• **Extracted records**
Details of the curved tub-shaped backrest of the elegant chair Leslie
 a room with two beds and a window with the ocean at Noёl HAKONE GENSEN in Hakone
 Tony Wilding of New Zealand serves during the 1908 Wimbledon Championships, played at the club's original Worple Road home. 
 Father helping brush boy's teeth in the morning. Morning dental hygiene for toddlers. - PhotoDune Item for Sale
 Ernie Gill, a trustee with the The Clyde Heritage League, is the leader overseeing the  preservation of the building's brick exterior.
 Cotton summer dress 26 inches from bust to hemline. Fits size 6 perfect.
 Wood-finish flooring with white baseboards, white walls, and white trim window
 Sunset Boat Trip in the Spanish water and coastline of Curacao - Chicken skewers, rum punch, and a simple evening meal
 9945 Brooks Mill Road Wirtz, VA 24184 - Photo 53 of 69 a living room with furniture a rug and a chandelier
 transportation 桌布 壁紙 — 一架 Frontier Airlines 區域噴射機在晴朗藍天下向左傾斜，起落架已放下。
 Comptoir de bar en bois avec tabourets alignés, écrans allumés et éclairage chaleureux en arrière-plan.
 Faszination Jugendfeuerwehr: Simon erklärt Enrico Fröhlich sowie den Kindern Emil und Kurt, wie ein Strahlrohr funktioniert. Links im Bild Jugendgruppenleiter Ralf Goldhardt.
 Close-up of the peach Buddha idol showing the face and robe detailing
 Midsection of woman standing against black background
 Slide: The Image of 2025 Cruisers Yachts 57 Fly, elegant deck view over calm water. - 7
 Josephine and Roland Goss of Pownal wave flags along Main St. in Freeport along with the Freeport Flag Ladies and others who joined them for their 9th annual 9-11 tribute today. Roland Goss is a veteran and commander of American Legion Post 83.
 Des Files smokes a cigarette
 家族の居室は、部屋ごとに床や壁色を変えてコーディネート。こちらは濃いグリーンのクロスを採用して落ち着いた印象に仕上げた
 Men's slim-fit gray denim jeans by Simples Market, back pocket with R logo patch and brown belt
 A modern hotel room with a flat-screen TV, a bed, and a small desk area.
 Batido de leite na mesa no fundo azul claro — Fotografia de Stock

• **Your instructions**
Looking at the entries above, copy out every line in which "window" occurs.

• **Answer section**
 a room with two beds and a window with the ocean at Noёl HAKONE GENSEN in Hakone
 Wood-finish flooring with white baseboards, white walls, and white trim window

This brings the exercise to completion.